SIMBORG DEVELOPMENT, INC. COUNTER-PLAINTIFF,
AXIS SPECIALTY INSURANCE CORPORATION, COUNTER-DEFENDANT.
The opinion of the court was delivered by: Honorable David H. Coar
MEMORANDUM OPINION AND ORDER
Axis Specialty Insurance Corp. has sued Simborg Development, Inc., a policyholder, seeking declaratory judgment that: (1) Simborg's fire loss claim does not trigger or attach coverage under the Axis Policy, by virtue of the terms and conditions of the Axis Policy, and (2) the Court grant Axis other relief such as the Court deems fit and just under the circumstances. Simborg has counterclaimed, alleging breach of contract (Count I), vexatious delay in settling an insurance claim under the Illinois Insurance Code, 215 ILCS 5/155 (Count II), misrepresentation under the Illinois Insurance Code, 215 ILCS 5/154, and violation of the Illinois Consumer Fraud and Deceptive Business Practices Act, 815 ILCS 505/1. The parties have filed cross motions for summary judgment, with Axis seeking judgment in its favor on its Complaint for Declaratory Judgment and on Count I of Simborg's Counterclaim, and Simborg seeking judgment on Counts I and II of its Counterclaim.
Simborg has fifty four properties in Illinois, Indiana, and Wisconsin, insured under a two-layered property insurance program in which two insurers provide coverage above Simborg's $25,000 deductible. The first $10 million in coverage established under a policy provided by Nutmeg Insurance Company. The Axis Policy provides an additional layer of recovery of up to $10 million per occurrence in excess of the $10 million limit of the Nutmeg Policy and Simborg's $25,000.*fn2
Simborg obtained the policy by using the services of JMB Insurance Agency, Inc. ("JMB"). JMB was responsible for acquiring Simborg's insurance, including its property insurance. In seeking excess coverage, JMB contacted Maximum Independent Brokerage, a wholesale representative that binds coverage on behalf of Axis, and forwarded a document compiled by Mitchell Simborg, President of Simborg, entitled "Building and Financial Information" (the "BFI Sheet"), along with a property insurance proposal. The BFI Sheet listed individual building and content replacement values for Simborg's fifty four properties, and also listed the total value of all of Simborg's properties as $137 million. Among other properties, the BFI Sheet listed a total building and contents value of $6 million for the Halsted Industrial Centre Partnership in Harvey, Illinois (the "Halsted Site").

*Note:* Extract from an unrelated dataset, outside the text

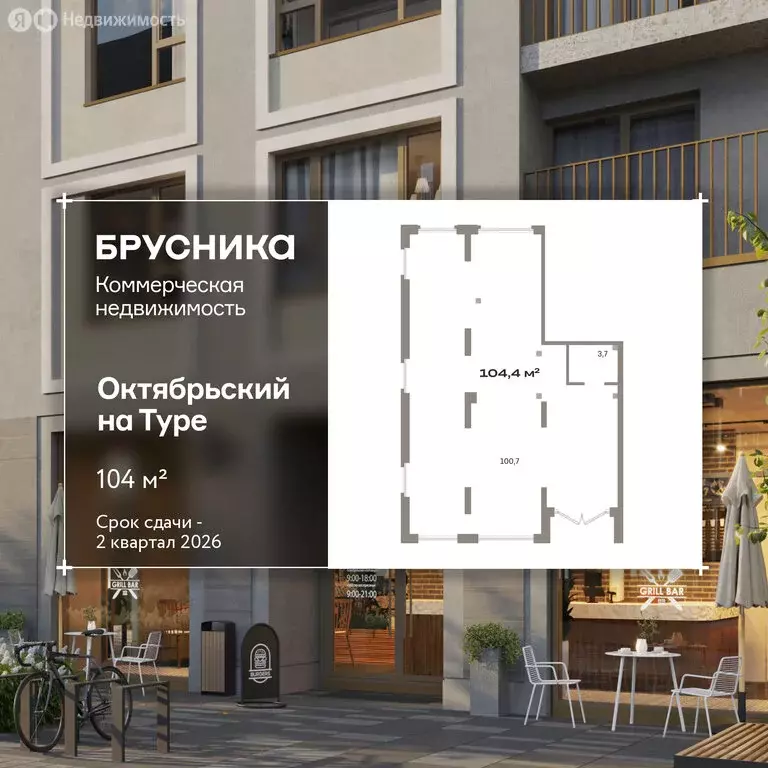 Помещение свободного назначения (104.4 м) - Фото 1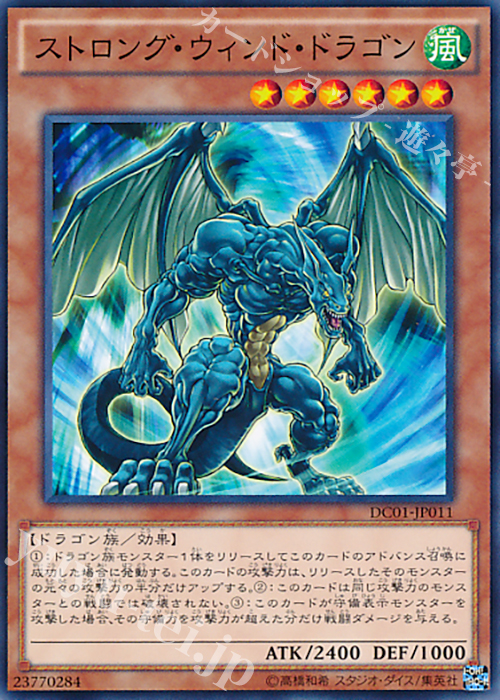 N ストロング・ウィンド・ドラゴン | 販売 | [DC01] デッキカスタムパック 01 | 遊戯王 OCG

Axis provided a quote and a revised quote for Simborg's excess insurance policy to Maximum. When the quote was accepted, Axis issued a binder confirming coverage which stated "Scheduled Limit of Liability applies." Maximum incorporated the Axis binder into its own set of forms, and therefore retained this wording. The Axis Policy was thereafter issued, and included a document entitled Endorsement A, the Excess Scheduled Limit of Liability Endorsement (the "Axis Endorsement"). Coverage was provided in the amount of $10 million per occurrence for loss or damage between December 31, 2006 and December 31, 2007. The sole exception to these limits was the 9200 Calumet Avenue location in Munster, Indiana, for which the Axis Policy provided a limit of $25 million. Axis charged Simborg a $35,000 premium for the Axis Policy, though the parties dispute how this amount was determined.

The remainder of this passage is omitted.